The problem with Gingrich's argument is not that it's negative. Sadly, we've come to expect negativity in political discourse. The real problem with his argument is that it has no basis in fact. Scientific research simply does not support the claim that the private equity activity associated with Romney's Bain Capital firm destroys jobs, companies or economic value. In fact, the body of scientific research on private equity performance suggests exactly the opposite.
First, let's look at private equity performance. Recently, I co-authored a study with Berk Sensoy of Ohio State University in which we examined the performance of roughly 60 percent of the known private equity funds in the United States in existence since the mid-1980s. Ours was the largest study on record to date to use detailed performance measures to track private equity performance over time.
We found very clear evidence that private equity creates value for investors. If you had invested a dollar in private equity, and at the same time invested a dollar in the public markets, you would have had earned 18 percent more over the life of the average private equity fund than you would have earned in the public markets. And this was after paying the private equity firm its fees, and after splitting the returns with them, so this is net performance, not gross performance.
Our initial findings have been corroborated by more recent work using even larger samples of private equity returns. Researchers from the University of Virginia's Darden School of Business, the University of Oxford's Said Business School and the University of Chicago's Booth School of Business found almost identical results to ours.
Some have argued that this sort of excess performance is the result of private equity funds borrowing enormous amounts of money, using the leverage to increase the returns to investors and ending up saddling the firms they purchase with untenable debt loads.
Our work shows this is not the case. In our performance calculations, we explicitly accounted for the possibility that some of the performance could have been coming from leverage, and adjusted our comparisons to public market returns accordingly.
It's tempting at this point to say, So what? Isn't this just an example of rich people helping other rich people get richer? The answer is no. The investors in private equity are in large part pension funds, university endowments and the like. It's unionized carpenters, state employees and teachers who win when private equity creates value for investors.
What about jobs? Does private equity create value for its investors by swooping down like a vulture to scoop large chunks of value out of companies, handing it over to investors and leaving behind unemployment and damaged firms?
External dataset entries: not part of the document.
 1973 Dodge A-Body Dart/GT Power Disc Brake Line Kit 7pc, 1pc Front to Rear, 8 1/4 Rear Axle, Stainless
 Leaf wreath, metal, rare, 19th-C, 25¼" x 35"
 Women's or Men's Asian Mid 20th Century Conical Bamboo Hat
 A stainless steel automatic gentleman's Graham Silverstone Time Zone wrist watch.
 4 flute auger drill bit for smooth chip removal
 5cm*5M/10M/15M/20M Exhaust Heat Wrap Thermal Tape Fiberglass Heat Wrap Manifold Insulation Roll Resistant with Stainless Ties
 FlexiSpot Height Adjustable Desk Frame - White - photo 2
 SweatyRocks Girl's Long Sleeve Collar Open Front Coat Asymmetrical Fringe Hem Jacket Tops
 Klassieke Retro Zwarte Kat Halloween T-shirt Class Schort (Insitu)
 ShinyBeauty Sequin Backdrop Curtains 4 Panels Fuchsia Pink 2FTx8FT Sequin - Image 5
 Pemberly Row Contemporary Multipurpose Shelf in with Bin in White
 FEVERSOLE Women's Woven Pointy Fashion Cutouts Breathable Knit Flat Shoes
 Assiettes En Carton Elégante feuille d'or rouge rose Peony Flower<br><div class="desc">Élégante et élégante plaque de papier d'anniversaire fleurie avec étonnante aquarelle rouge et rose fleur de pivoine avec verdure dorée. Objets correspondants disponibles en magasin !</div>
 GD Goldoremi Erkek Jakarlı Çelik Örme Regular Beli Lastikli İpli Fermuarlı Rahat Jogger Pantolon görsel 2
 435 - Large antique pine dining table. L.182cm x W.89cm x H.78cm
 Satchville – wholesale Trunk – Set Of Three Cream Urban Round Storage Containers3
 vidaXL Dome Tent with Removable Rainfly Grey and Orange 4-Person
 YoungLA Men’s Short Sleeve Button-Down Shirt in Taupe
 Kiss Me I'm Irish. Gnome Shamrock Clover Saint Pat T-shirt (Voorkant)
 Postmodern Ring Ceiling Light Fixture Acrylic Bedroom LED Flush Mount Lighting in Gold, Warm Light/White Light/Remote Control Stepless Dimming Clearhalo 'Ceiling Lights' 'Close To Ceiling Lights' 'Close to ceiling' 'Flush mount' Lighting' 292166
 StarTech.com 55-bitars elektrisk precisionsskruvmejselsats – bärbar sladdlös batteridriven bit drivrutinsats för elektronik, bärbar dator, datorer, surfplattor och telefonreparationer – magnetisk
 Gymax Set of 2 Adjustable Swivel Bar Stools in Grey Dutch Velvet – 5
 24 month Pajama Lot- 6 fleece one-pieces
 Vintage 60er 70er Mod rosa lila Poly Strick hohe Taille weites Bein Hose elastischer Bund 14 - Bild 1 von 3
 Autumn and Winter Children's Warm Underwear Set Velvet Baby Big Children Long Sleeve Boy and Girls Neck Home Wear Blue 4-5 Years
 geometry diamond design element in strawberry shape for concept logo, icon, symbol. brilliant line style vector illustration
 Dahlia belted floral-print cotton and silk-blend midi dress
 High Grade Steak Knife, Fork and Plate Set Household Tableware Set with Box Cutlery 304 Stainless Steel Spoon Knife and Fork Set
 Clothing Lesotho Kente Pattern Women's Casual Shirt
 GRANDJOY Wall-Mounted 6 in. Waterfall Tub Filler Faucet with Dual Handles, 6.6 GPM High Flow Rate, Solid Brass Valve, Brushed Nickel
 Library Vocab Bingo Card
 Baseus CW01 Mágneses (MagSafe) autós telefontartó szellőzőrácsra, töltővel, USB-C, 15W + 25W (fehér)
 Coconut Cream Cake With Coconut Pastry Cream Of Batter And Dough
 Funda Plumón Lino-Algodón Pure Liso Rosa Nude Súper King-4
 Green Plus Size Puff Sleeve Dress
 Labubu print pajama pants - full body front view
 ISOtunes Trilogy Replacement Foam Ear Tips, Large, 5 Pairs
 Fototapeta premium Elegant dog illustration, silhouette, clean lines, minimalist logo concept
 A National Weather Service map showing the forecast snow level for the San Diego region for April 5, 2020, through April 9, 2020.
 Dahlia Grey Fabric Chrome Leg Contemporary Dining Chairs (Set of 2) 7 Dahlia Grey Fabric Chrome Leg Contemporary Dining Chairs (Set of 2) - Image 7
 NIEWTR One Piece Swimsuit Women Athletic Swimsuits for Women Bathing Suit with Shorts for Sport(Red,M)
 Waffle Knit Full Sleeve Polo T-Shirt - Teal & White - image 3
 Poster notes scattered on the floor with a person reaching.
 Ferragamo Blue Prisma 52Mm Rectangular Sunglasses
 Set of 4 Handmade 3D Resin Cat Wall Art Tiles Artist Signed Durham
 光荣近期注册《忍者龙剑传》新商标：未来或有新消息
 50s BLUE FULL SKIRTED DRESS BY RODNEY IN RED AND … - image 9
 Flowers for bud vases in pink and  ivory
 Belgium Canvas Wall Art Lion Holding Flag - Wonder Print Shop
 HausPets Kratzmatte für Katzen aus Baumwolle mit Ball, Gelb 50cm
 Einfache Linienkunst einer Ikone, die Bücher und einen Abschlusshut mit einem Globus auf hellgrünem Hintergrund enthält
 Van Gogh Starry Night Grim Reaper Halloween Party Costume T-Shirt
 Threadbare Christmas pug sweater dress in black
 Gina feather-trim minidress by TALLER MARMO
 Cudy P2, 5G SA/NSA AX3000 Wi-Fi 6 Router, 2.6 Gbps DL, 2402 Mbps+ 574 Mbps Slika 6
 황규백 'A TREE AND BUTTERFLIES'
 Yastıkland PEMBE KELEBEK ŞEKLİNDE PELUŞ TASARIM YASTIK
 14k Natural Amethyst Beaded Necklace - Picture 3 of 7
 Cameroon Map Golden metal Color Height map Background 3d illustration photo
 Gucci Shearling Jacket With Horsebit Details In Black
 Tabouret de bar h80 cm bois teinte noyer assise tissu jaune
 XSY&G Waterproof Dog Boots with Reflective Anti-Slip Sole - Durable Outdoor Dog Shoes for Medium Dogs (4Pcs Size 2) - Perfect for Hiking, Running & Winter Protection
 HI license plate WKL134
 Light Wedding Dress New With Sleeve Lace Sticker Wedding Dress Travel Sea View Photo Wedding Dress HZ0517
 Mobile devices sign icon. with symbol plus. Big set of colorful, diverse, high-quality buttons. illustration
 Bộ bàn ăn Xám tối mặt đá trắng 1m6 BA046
Once again, the data do not support this assertion. In a recent study, researchers from the University of Chicago, the University of Maryland, the US Census Bureau and Harvard Business School examined what happens to jobs in companies targeted by private equity. They find that although jobs are cut in under-performing segments, the job cuts are more than offset by new job creation in these same firms.
In other words, private equity may destroy jobs, but it also creates jobs. And it creates more jobs than it destroys.
This process of creative destruction is vital to our economy. That's why it's so strange to attack a political opponent for being involved in private equity.
David Robinson is a professor of finance and the William and Sue Gross Distinguished Research Fellow at Duke University's Fuqua School of Business. Shanghai Daily condensed the aticle.